4.0 COMMERCIAL HISTORY OF THE ECONAMINE FG PROCESS Dow Chemical and Union Carbide developed inhibited 30 wt.% MEA processes for recovery of CO 2 from flue gases in the 1970's and 1980's primarily for the EOR market. When the price of crude oil dropped dramatically in 1986, the EOR market disappeared and these licensors became less active. Dow Chemical sold its GAS/SPEC FT-1TM process to Fluor Daniel, Inc. in 1989. Fluor Daniel renamed the technology Econamine FGSM. The licensing history of the Econamine FG and predecessor FT-1 processes is shown in Table 1. Twenty-one commercial plants have been built, including ten large plants (60 te/d and larger) and eleven skid-mounted plants. Eight of the large plants are still operating. Fluor Daniel licensed three of these commercial plants, a 320 te/d CO2 plant in Bellingham, Massachusetts for Northeast Energy Associates; a 150 te/d plant for Sumitomo Chemical in Chiba, Japan; and a 90 te/d plant for Prosint Produtos Sintéticos in Rio de Janeiro, Brazil. Fluor Daniel also constructed the Bellingham plant. Prior to this, Dow had licensed six commercial plants ranging from 6 to 1000 te/d. The eleven facilities employing skid-mounted Econamine FG process units have capacities ranging from 6 to 50 te/d and are manufactured by the Wittemann Company of Palm Coast, Florida and Union Engineering of Fredericia, Denmark. All of the large commercial plants use flue gas resulting from the combustion of natural gas, except the Sumitomo plant which fires a variety of fuels including heavy fuel oil. The Econamine FG process has also been demonstrated with coal-derived flue gas in three pilot plants, a 4.5 te/d plant in Yokosuka, Japan for Tokyo Electric Power Co, a 2 te/d unit at the Sundance Generating Plant in Alberta (5, 6), and a 3 te/d unit at the Boundary Dam Power Plant in Saskatchewan (9, 10, 11). Fluor Daniel has also licensed a natural gas-fired 2 te/d pilot plant in Osaka, Japan for KEPCO (12, 13). Of the ten large commercial plants, the 1000 te/d Carbon Dioxide Technology Corp. plant (26) serving the Garza field south of Lubbock, Texas, and the 90 te/d N-Ren Southwest plant (14) provided CO 2 for EOR; two others feed urea plants; and six serve the food and beverage industry. All the skid-mounted units serve the food and beverage industry.
3
5.0 GENERAL DESIGN ISSUES, RECOVERY OF CO2 FROM FLUE GAS The practical recovery of CO2 from flue gas is sufficiently different from other gas treating applications such as natural gas and refinery gas sweetening and purification of ammonia and hydrogen plant synthesis gas that it requires its own specialized processes. Candidate processes must be active at low CO2 partial pressure and tolerate oxygen and NOX. Flue gases from coal-fired boilers also contain SOX, soot, and fly ash, which must be dealt with. Design issues relevant to CO2 recovery processes in general and to amine processes in particular are discussed below.

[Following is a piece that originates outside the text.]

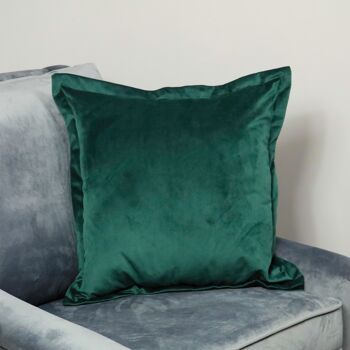 Housse de coussin en velours vert foncé 1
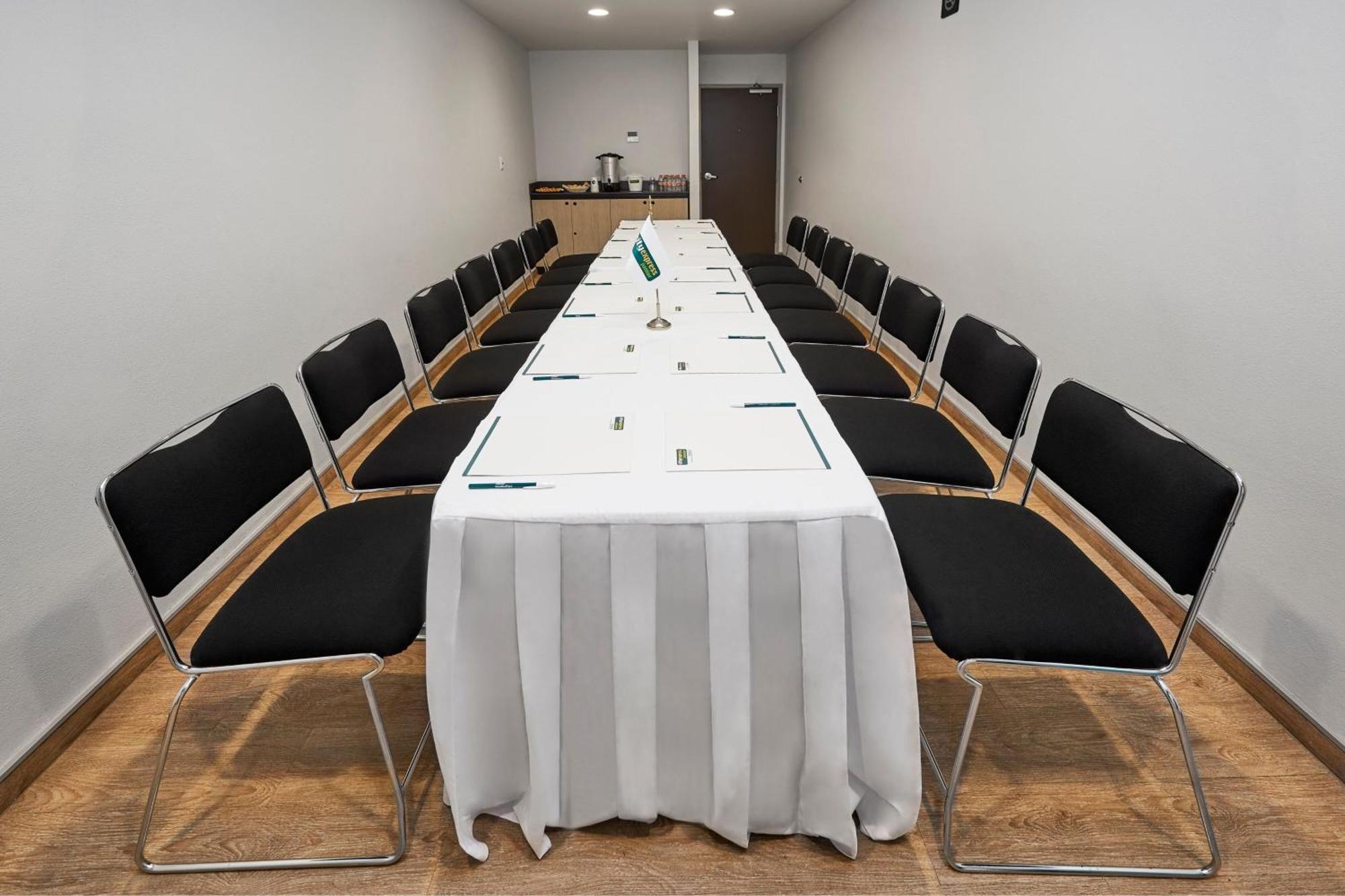 City Express Junior By Marriott Toluca Zona Industrial Bagian luar foto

5.1 Low CO2 Partial Pressure. Flue gases and engine exhausts have very low CO2 partial pressures because they are typically available at or near atmospheric pressure with CO2 concentrations of typically 3 to 13 vol%. Many acid gas treatment processes operate at thousands of kPag and cannot remove CO 2 to less than about 10 kPa partial pressure. These high-pressure processes can be used by compression to the normal operating pressure followed by recovery of a portion of the compression energy in expanders; however the overall energy consumption invariably results in unattractive economics. The only commercial absorbents active enough for recovery of dilute CO 2 from atmospheric pressure gas are monoethanolamine (MEA) and other primary amines including the newly developed hindered amines.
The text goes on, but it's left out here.